[Scraped caption text data]
* * * *

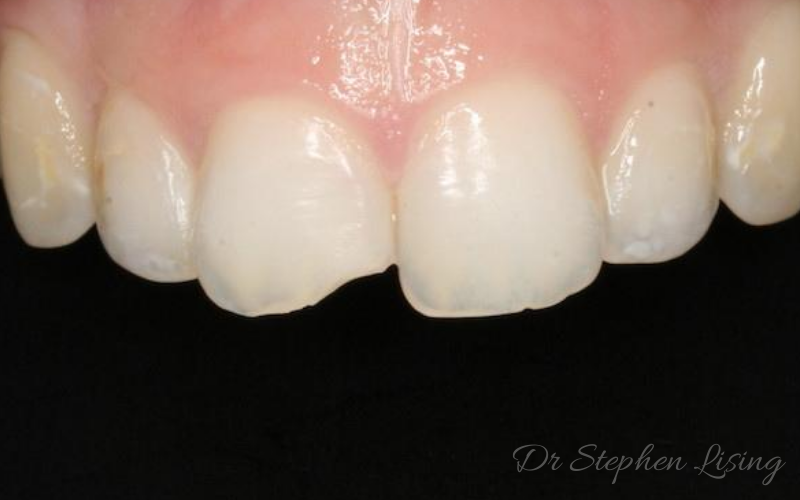 Fractured central incisor before it was repaired with dental bonding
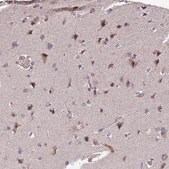 Anti-TPRX1 antibody produced in rabbit Prestige Antibodies® Powered by Atlas Antibodies, affinity isolated antibody, buffered aqueous glycerol solution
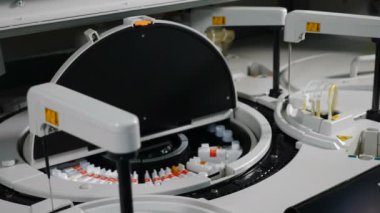 Hastalık önleme konsepti. Analiz öncesi otomatik Biyokimya analizörü kimyasal madde sıvı koyarak mavi eldiven kadın uzman el. Biyolojik numunelerin araştırma süreci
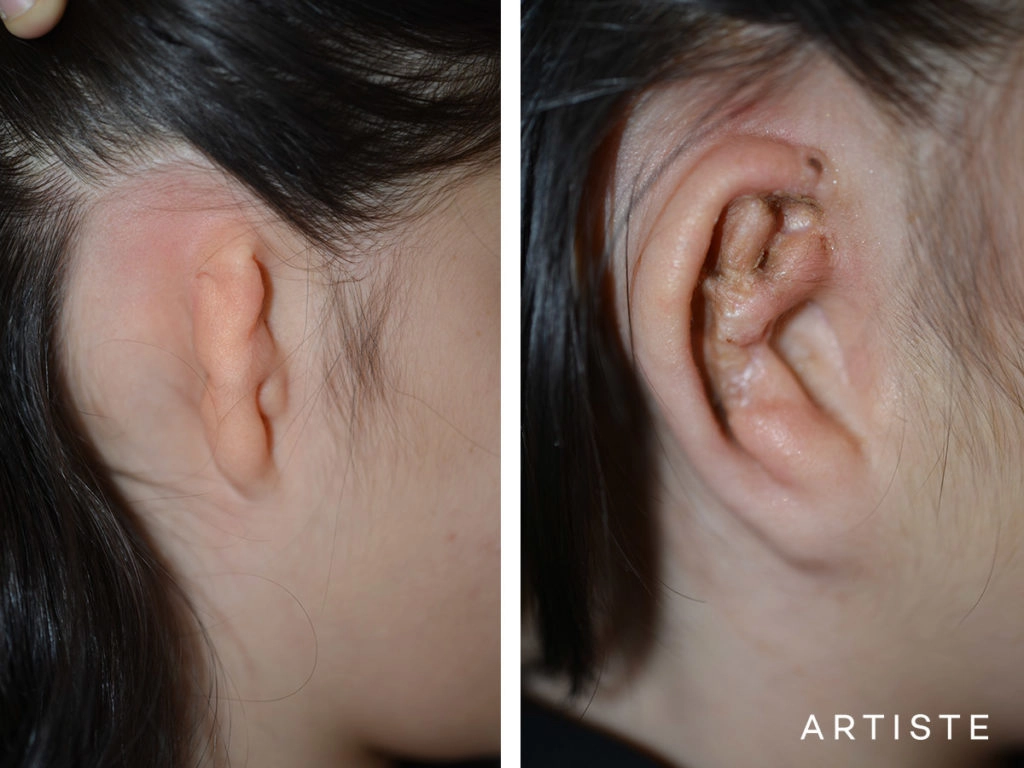 11 Year Old Ear Reconstruction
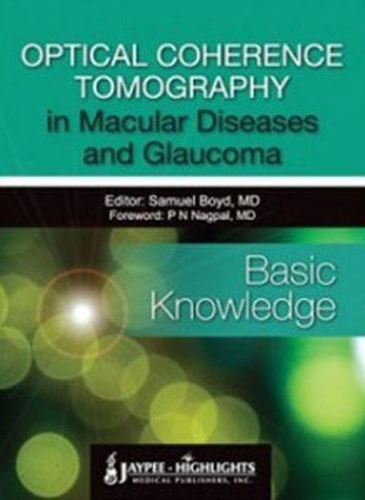 Паперова книга «Optical Coherence Tomography in Macular Diseases and Glaucoma: Basic Knowledge», автор Семюель Бойд - фото №1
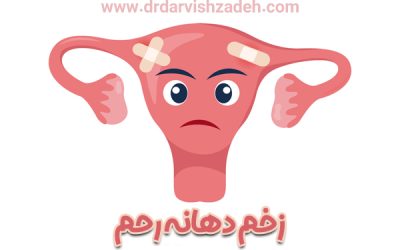 زخم دهانه رحم + نشانه های پیدایش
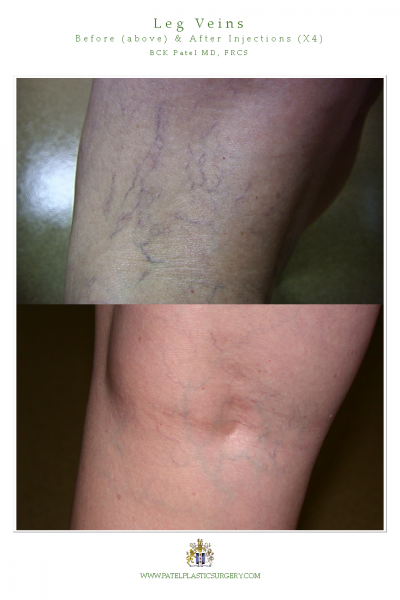 Leg veins treated with lasers and injections by Dr BCK Patel MD of Salt Lake City and St George Utah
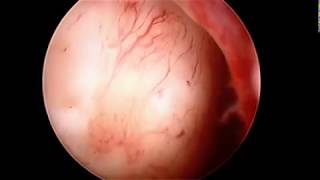 Focal Complex Atypical Endometrial Hyperplasia amp Submucosal Myoma [upl. by Bobine]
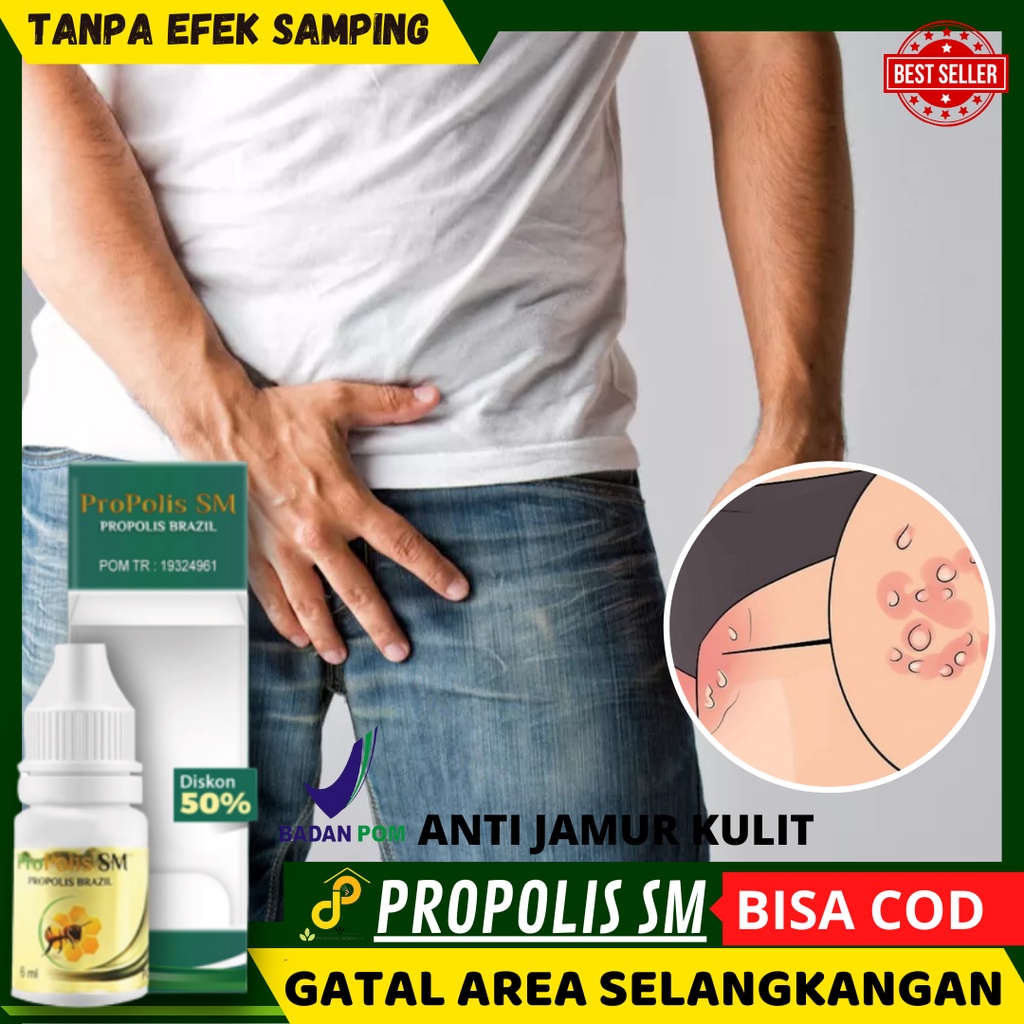 Salep Gatal Selangkangan Paling laris - Salep cair Gatal Kulit Jamur - Obat Salep Gatal Kulit - Sale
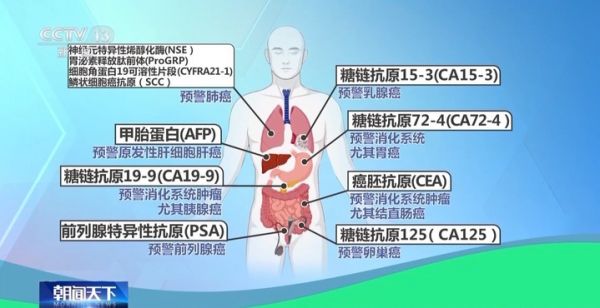 常見指標(biāo)如何解讀？一文看懂體檢報(bào)告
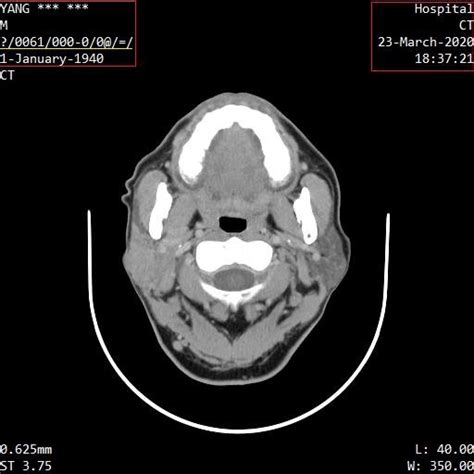 Ct Image Of Parotid Tumor After Desensitization And Encryption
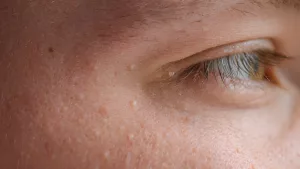 Causes and Removal of Eyelid Skin Tags: Your Guide Causes and Removal of Eyelid Skin Tags: Your Guide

* * * *

What is needed is an exact restatement of the lines from the line with "Anti-TPRX1 antibody produced" through the final line of the data, pictures excluded.

 Anti-TPRX1 antibody produced in rabbit Prestige Antibodies® Powered by Atlas Antibodies, affinity isolated antibody, buffered aqueous glycerol solution
 Hastalık önleme konsepti. Analiz öncesi otomatik Biyokimya analizörü kimyasal madde sıvı koyarak mavi eldiven kadın uzman el. Biyolojik numunelerin araştırma süreci
 11 Year Old Ear Reconstruction
 Паперова книга «Optical Coherence Tomography in Macular Diseases and Glaucoma: Basic Knowledge», автор Семюель Бойд - фото №1
 زخم دهانه رحم + نشانه های پیدایش
 Leg veins treated with lasers and injections by Dr BCK Patel MD of Salt Lake City and St George Utah
 Focal Complex Atypical Endometrial Hyperplasia amp Submucosal Myoma [upl. by Bobine]
 Salep Gatal Selangkangan Paling laris - Salep cair Gatal Kulit Jamur - Obat Salep Gatal Kulit - Sale
 常見指標(biāo)如何解讀？一文看懂體檢報(bào)告
 Ct Image Of Parotid Tumor After Desensitization And Encryption
 Causes and Removal of Eyelid Skin Tags: Your Guide Causes and Removal of Eyelid Skin Tags: Your Guide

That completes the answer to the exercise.